Firstly pumping the system down is often a variable. The pumping is balanced against the various system leaks, real and virtual, as well as the gas load from the outgassing of the substrate and system. This outgassing is not a constant. The rate of water outgassing from the surfaces depends on the surface roughness and the tie and temperature that the system was kept at atmospheric pressure before the pump down started. The more water vapour that was condensed onto the surfaces the longer it will take to pump the system down. The longer the time between cleaning the surfaces the higher will be the surface porosity and the greater capacity for collecting water vapour. It is common practice to pump the system down to a given base pressure and then start the process. There are two changes that starting the process will cause, one is to provide a source of heat and the other is to start unwinding the roll of substrate, which will release more water vapour as fresh surfaces become exposed to the vacuum. The heat will come from either the radiation and condensation heat load from any evaporation source or from the energetic particles and condensation heat load from sputtering sources. The heating will cause an initial spike as the water vapour at the surface is released more quickly as a result of the heat energy. Once this surface water vapour has been released the heat continues to cause an increased gas load as the more deeply adsorbed water takes time to diffuse to the surface and be released.

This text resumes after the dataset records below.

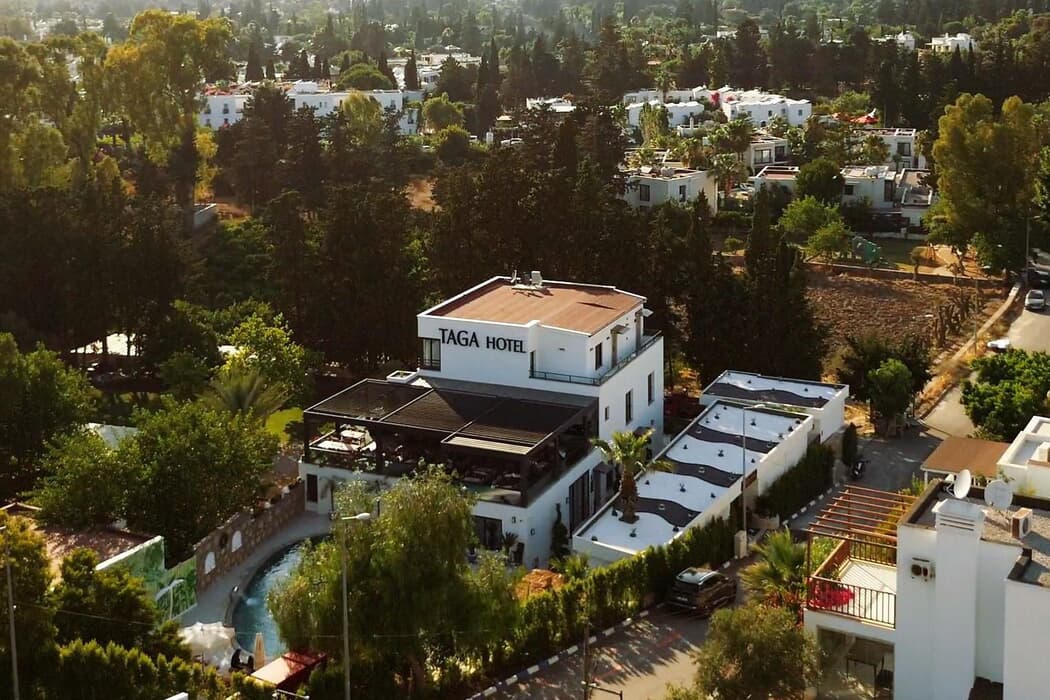 Taga Hotel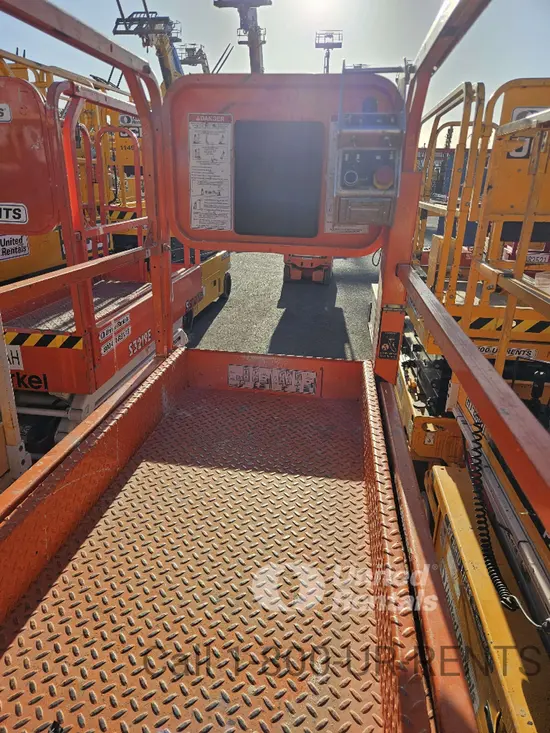 2019 Snorkel S3219E Scissor Lift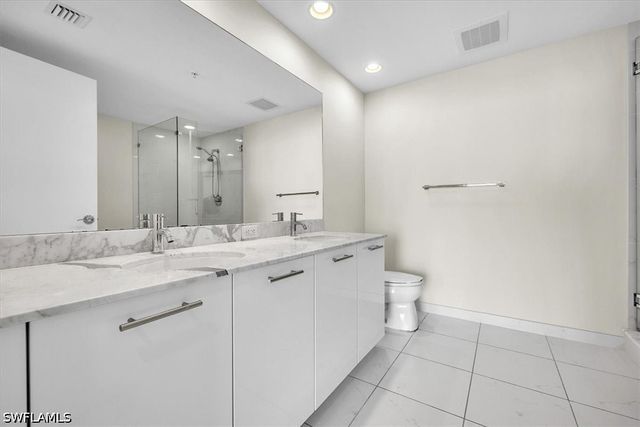 3000 Oasis Grand BLVD 2802, Fort Myers, FL 33916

The heating from any radiation from the source and as a result of the condensation heat load will cause many surfaces to increase in temperature throughout the deposition cycle. The temperature of the surfaces, such as deposition shields, will continue to rise in temperature and will progressively increase the heat load to the substrate as the amount of radiated heating from the shields increases with the increasing shield temperature. In some systems a number of these shields are water cooled and so the heat load to the substrate is reduced or limited but there are usually other surfaces where the temperature rise is unconstrained.
If there is any part of the process where gas is introduced and is controlled by the pressure it is possible that the pressure may remain stable but the composition of the gas present may vary. The background gas will be a proportion of the total and if the quantity of background gas varies the proportions will vary in the process area. In some cases this may not matter. In fact some systems where argon is added for plasma treatment the background gas can actually be a benefit with the oxygen from the water vapour helping in the plasma cleaning process. Where argon and oxygen are added as a controlled proportion the addition of water vapour becomes an uncontrolled variable. Again this may not matter for many processes. Where it might have an adverse effect is in some critical reactive deposition processes where the final coating stoichiometry needs to be controlled to a few parts per million or finer.
The system temperature as a whole will rarely reach a stable temperature. Even individual items that are cooled may take a long time to come to equilibrium. Some metalizing processes may only take an hour to complete whereas some sputtering processes may take days to complete the process. The short metallization process makes it very difficult to try to stabilise the temperature of the system fast enough. The very long process times make the process similar to some of the flat glass coating systems that run for weeks. These glass coating systems often take a couple of days or so to stabilise enough for the product to become reproducible.
The cooling of shields and sources needs to be done with care and ideally the cooling should also be symmetric about the substrate centreline. If there is any imbalance in cooling this can change the heat load across the substrate width and in any reactive deposition process this can affect the reactivity and potentially the stoichiometry of the coating. This includes the cooling of the deposition drum as well as any magnetron sputtering sources where I have seen some sources where the cooling enters at one end and leaves at the other end and so there is a temperature gradient down the length of the source. This will be reflected in the front surface temperature of the target and this in turn can affect the secondary electron emission. Depending on the magnet type used this type of temperature gradient can also affect the magnet field strength, which in turn affects the sputtering rate.
So even before we get to looking at the stability of pressure measurement, coating properties and any feedback control loop from the a measurement of the coating to the source power or wire feed or both, we can see that the process takes place under anything but constant conditions. What it is very hard to establish is how much coating variation is caused by any of these various variables. Until more of these variables are measured it will be impossible to know which could be controlled better to improve the reproducibility of the coatings.